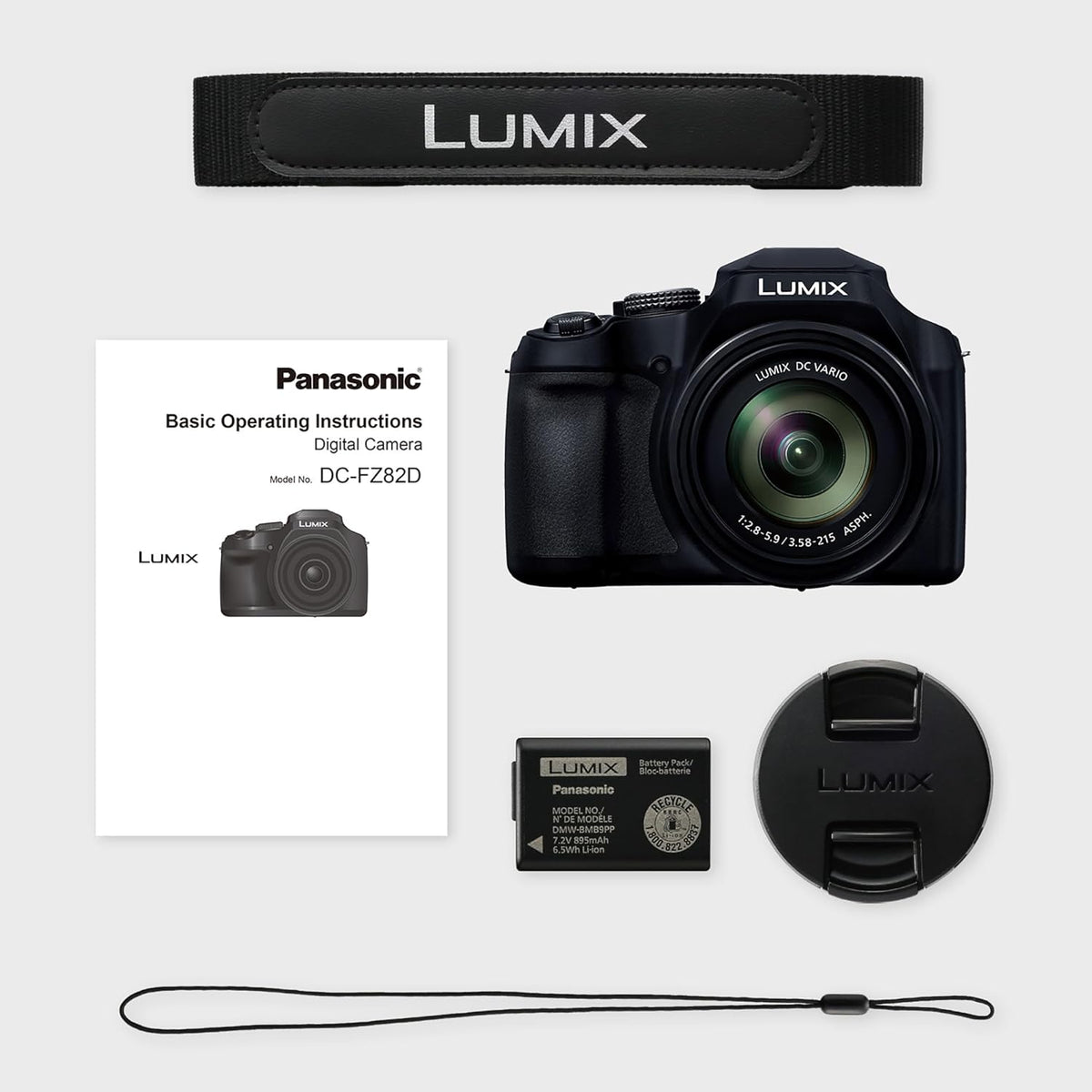 Panasonic Lumix FZ82D Appareil Photo Bridge Zoom Puissant (Capteur 18MP, Zoom Lumix 60x F2.8-5.9, Grand Angle 20mm, Viseur OLED, Ecran Tactile, Vidéo 4K, Stabilisation) Noir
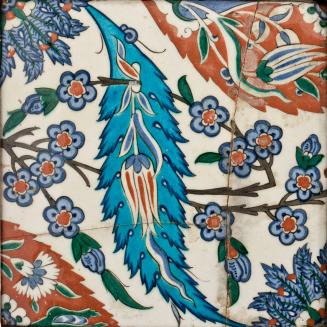 Iznik Ware Tile, from Court Bath at Eyüp Sultan Mosque, Constantinople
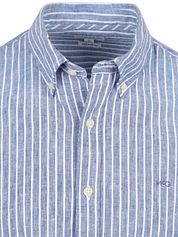 McGregor Shirt Linen Blend Stripes Blue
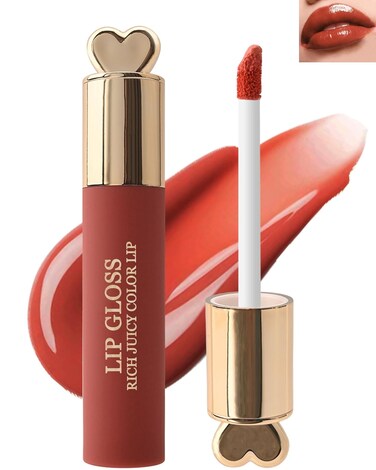 Hydrating Tinted Lip Gloss,1Pcs High Pigmented Red Pink Liquid Lipstick Lip Tint Stain,Long Lasting Waterproof Lipstain,Color Stay Silky Lipgloss Lip Glaze,Women's Day Makeup Gift for Women-02#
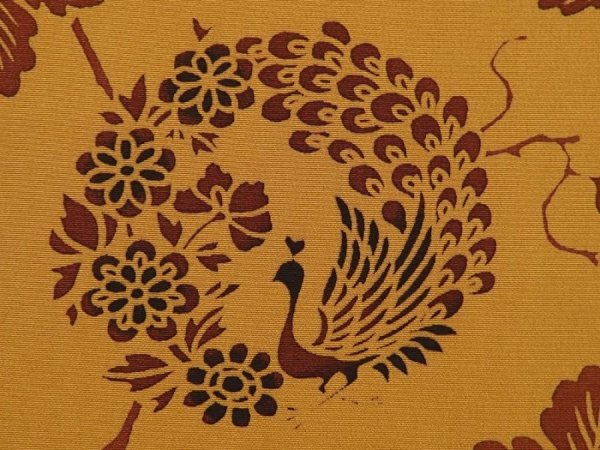 Photo4: 6619T05z580 Vintage Japanese Kimono Silk HAORI Bird Dark orange (4)
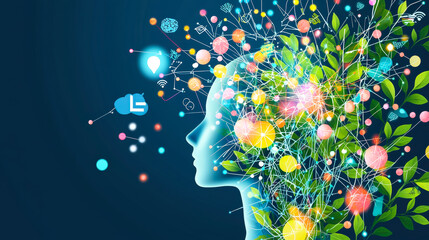 Poster - Creative representation of human ideas and nature's elements merging in a vibrant digital landscape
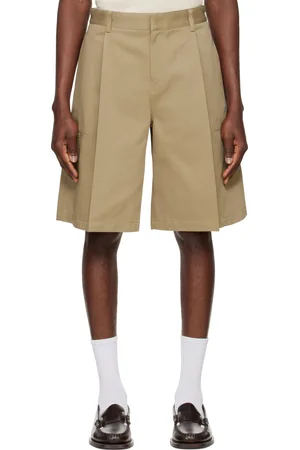 SYSTEM Khaki Pleated Bermuda Shorts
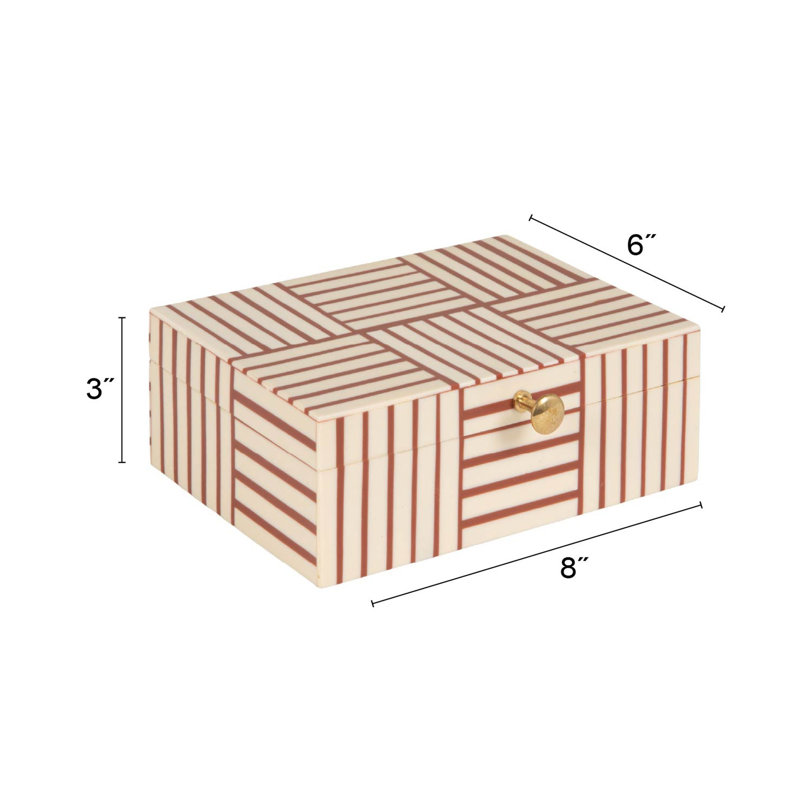 Boîte de rangement en résine rayée orange et blanche Jona, Orange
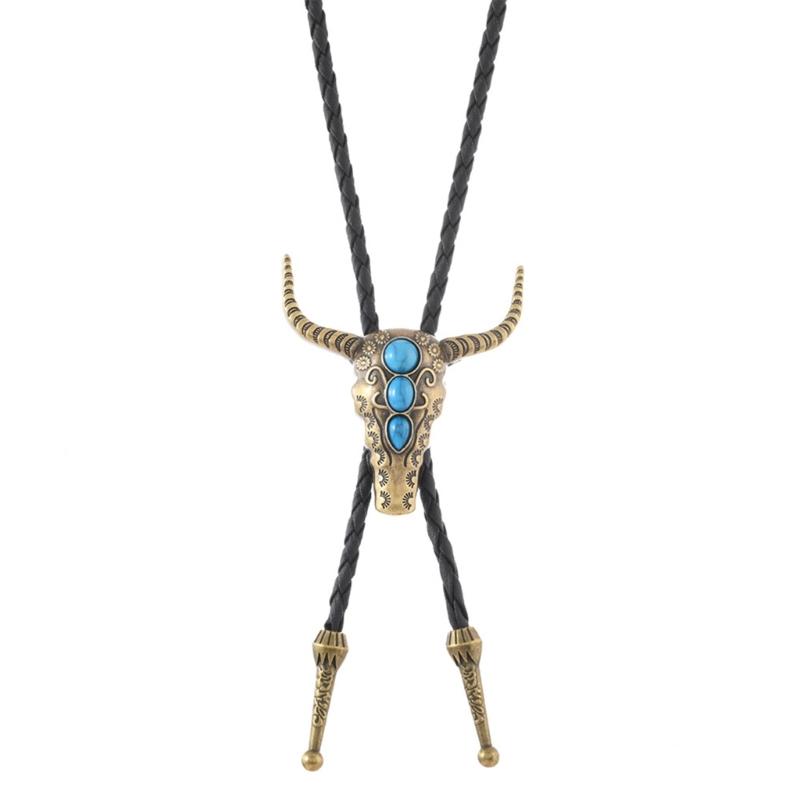 Bullhead Pendant Bolotie Antique Charm Necktie PU Cord Necklace For Men Casual Outfit And Western Styling Neckpiece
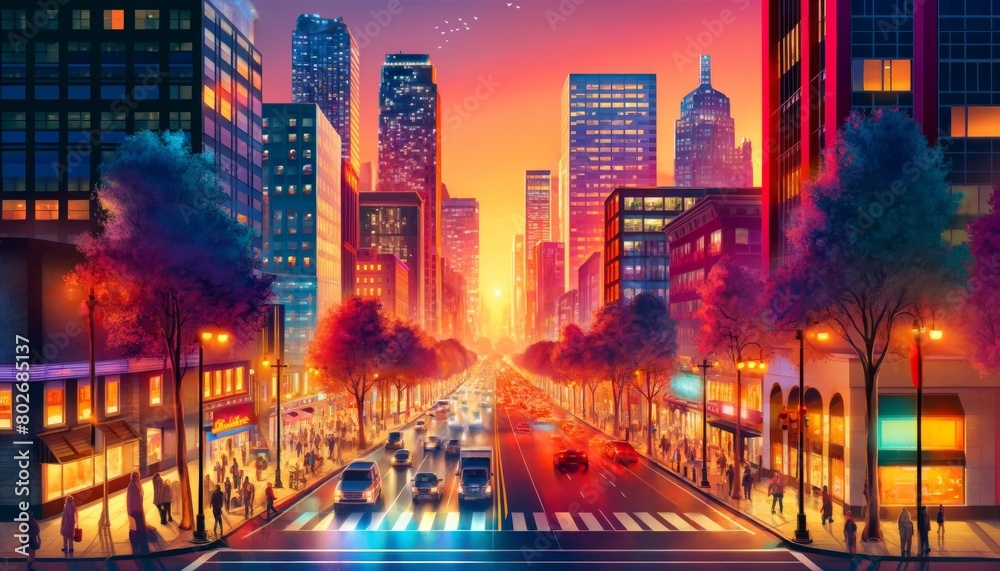 A vibrant cityscape at sunset in a 16_9 ratio.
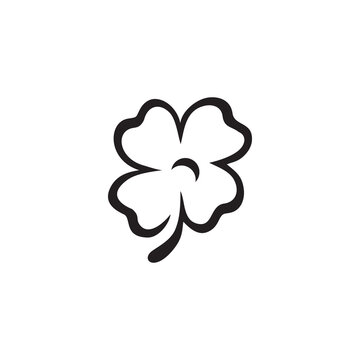 clover leaf tree logo icon silhouette abstract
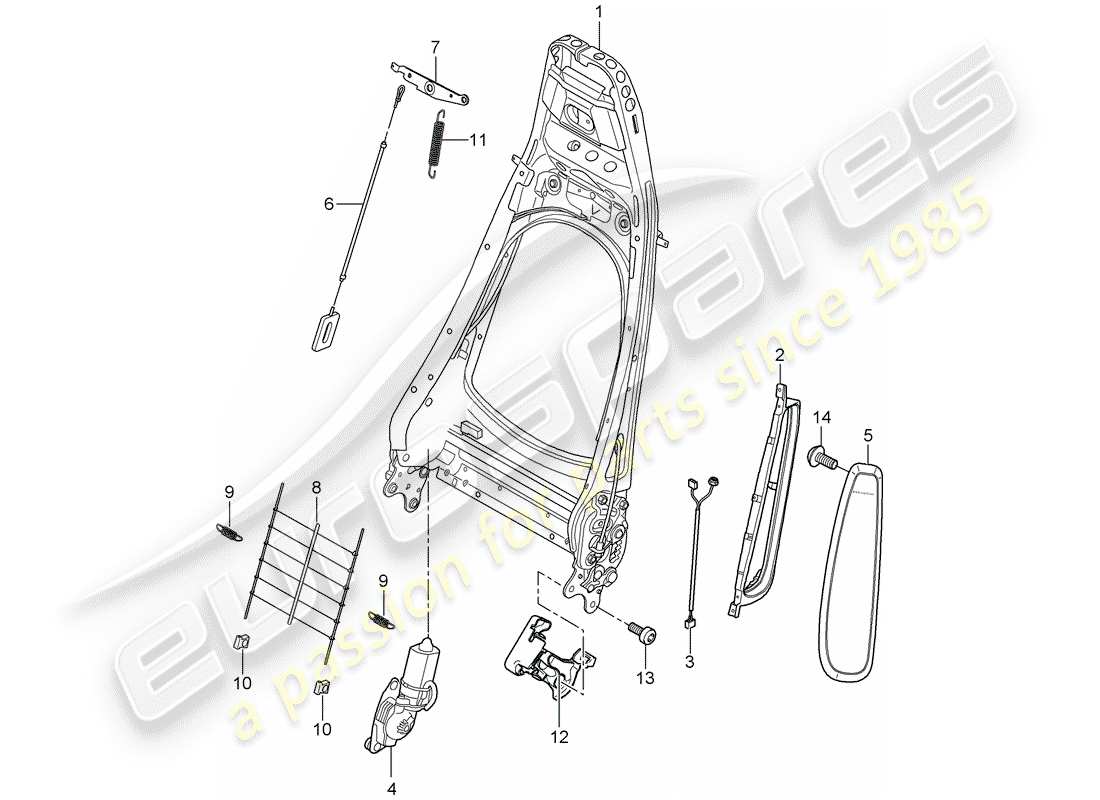porsche 2009 997-2 turbo / gt2 backrest frame parts diagram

+-------+

### WHAT IS NEEDED:
Transcribe the material as is, with images omitted.

### OUTPUT OF THE TASK:
 Panasonic Lumix FZ82D Appareil Photo Bridge Zoom Puissant (Capteur 18MP, Zoom Lumix 60x F2.8-5.9, Grand Angle 20mm, Viseur OLED, Ecran Tactile, Vidéo 4K, Stabilisation) Noir
 Iznik Ware Tile, from Court Bath at Eyüp Sultan Mosque, Constantinople
 McGregor Shirt Linen Blend Stripes Blue
 Hydrating Tinted Lip Gloss,1Pcs High Pigmented Red Pink Liquid Lipstick Lip Tint Stain,Long Lasting Waterproof Lipstain,Color Stay Silky Lipgloss Lip Glaze,Women's Day Makeup Gift for Women-02#
 Photo4: 6619T05z580 Vintage Japanese Kimono Silk HAORI Bird Dark orange (4)
 Poster - Creative representation of human ideas and nature's elements merging in a vibrant digital landscape
 SYSTEM Khaki Pleated Bermuda Shorts
 Boîte de rangement en résine rayée orange et blanche Jona, Orange
 Bullhead Pendant Bolotie Antique Charm Necktie PU Cord Necklace For Men Casual Outfit And Western Styling Neckpiece
 A vibrant cityscape at sunset in a 16_9 ratio.
 clover leaf tree logo icon silhouette abstract
porsche 2009 997-2 turbo / gt2 backrest frame parts diagram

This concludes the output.